2. Barbados Income Tax Act
It is our understanding that, under the law in force in Barbados, a person resident, but not domiciled in Barbados, is generally taxed on income derived from sources in Barbados, as well as on income from sources outside Barbados, but in the latter case, only to the extent a benefit is obtained in Barbados from that income in the form, among others, of a remittance of money or an importation of property. This is commonly referred to as “remittance basis taxation”. In particular, section 17 of the Barbados Income Tax Act, 1968, c. 73 (“BITA”) states as follows:
“17. In calculating the assessable income for an income year of a resident person who during the income year is not domiciled in Barbados, the following amounts and no others shall be included, that is to say
(a) income derived from Barbados for that income year;
(b) income from an office in Barbados or employment exercised therein for the income year whether or not the contract of employment was made in Barbados and whether or not the employer is resident in Barbados ;
(c) income from other sources outside Barbados whenever derived to the extent that a benefit is obtained in Barbados from that income in that income year in the form of a remittance of money, an importation of property, the granting of credit by bank overdraft or otherwise or in other form whatever, and no deductions or allowances in respect of the calculation of assessable income shall be made in respect of income or the production of income not so included.” (emphasis added)
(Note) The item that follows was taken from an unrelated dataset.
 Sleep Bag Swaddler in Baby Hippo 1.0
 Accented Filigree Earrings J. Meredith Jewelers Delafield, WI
Having regard to the situation described above, it is our understanding that the NR-Beneficiary should, under the law in force in Barbados, generally be subject to tax in respect of the Trust Income, but only to the extent a benefit is obtained in Barbados from the Trust Income in the form of a remittance of money or an importation of property.
3. Canada-Barbados Tax Treaty
3.1. Residency Status
In order to qualify for the benefits under the Treaty, a person must be a resident of a contracting state. In particular, Article IV(1)(a) defines the term “resident of a Contracting State” as follows:
“For the purposes of this Agreement, the term “resident of a Contracting State” means:
(a) any person who, under the laws of that State, is liable to tax therein by reason of that person’s domicile, residence, place of management or any other criterion of a similar nature, but does not include any person who is liable to tax in that State in respect only of income from sources in that State or capital situated therein; and” [emphasis added]
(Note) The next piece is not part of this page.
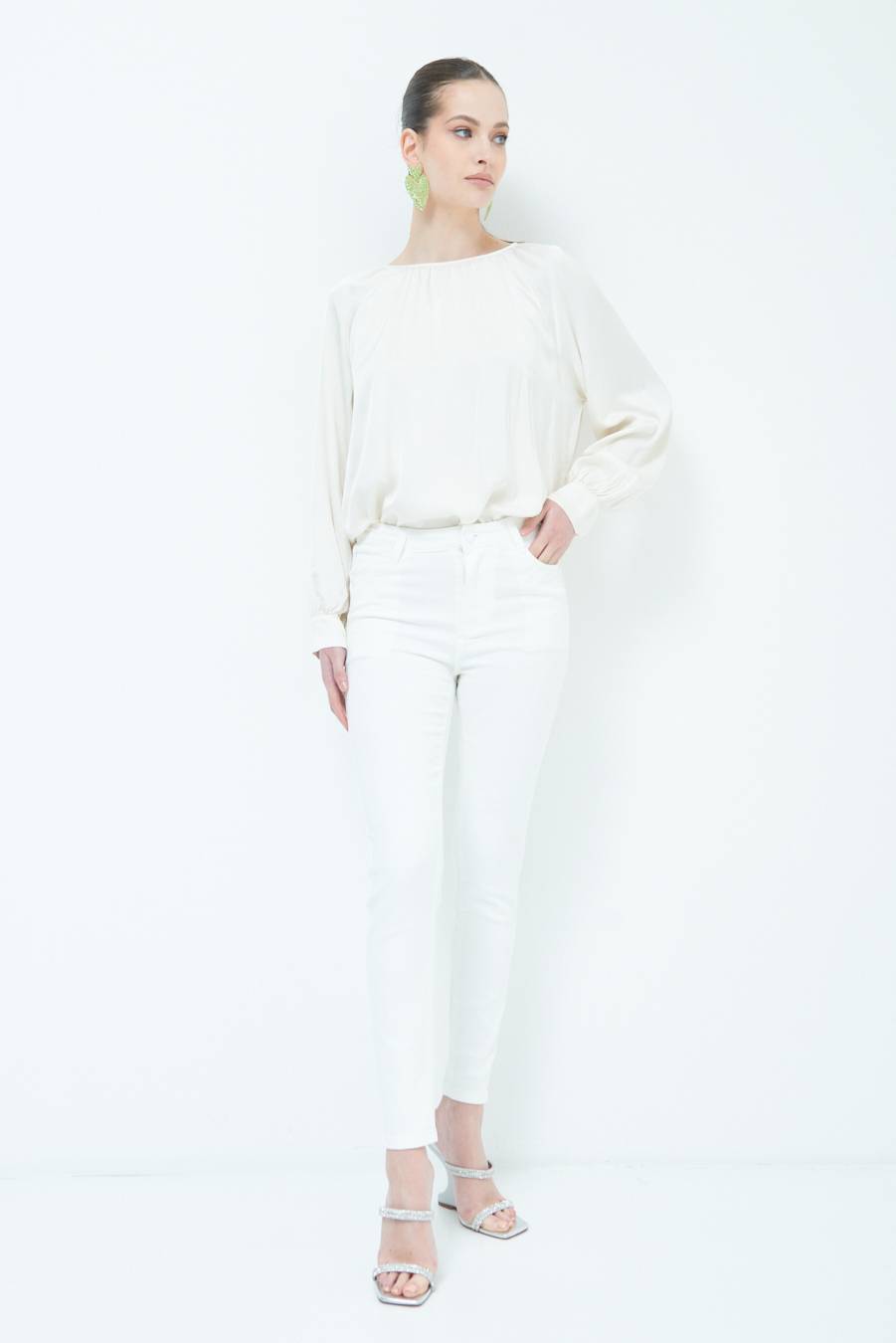 Kikisix JEANS PUSH BIANCO Vendite Flash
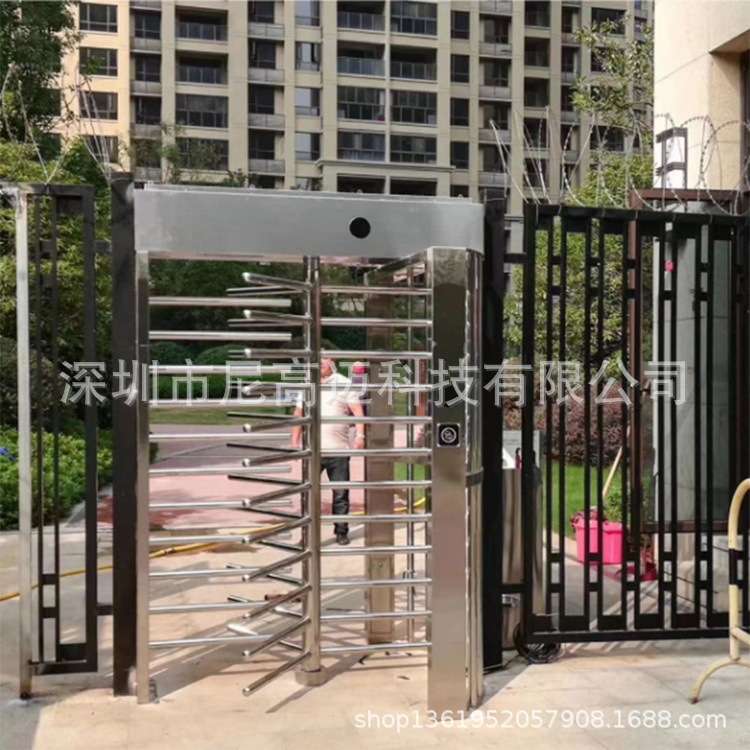 长期供应智能不锈钢电动旋转门  三翼栅栏旋转闸 小区工厂刷卡匝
It has been our long-standing position, as stated in the Income Tax Technical News 35, Treaty Residence – Resident of Convenience, dated February 26, 2007 (“ITTN-35”), that, to be considered “liable to tax” for the purposes of the residence article of Canada’s income tax treaties, a person must be subject to the most comprehensive form of taxation as exists in the relevant contracting state.
In this respect, having regard to the situation described above, assuming that the NR-Beneficiary is subject to tax on a remittance basis in Barbados under the law in force in that contracting state, we are of the view that the NR-Beneficiary should be considered subject to the most comprehensive form of taxation as exists in Barbados and, consequently, “liable to tax” under the laws of Barbados within the meaning of Article IV(1)(a). That is because, even if, under the law in force in Barbados, the taxation of the Trust Income may be deferred until a benefit is obtained in the form of a remittance of money or an importation of property in Barbados, it is our understanding that the NR-Beneficiary remains, nonetheless, “liable to tax” in Barbados in respect of its worldwide income.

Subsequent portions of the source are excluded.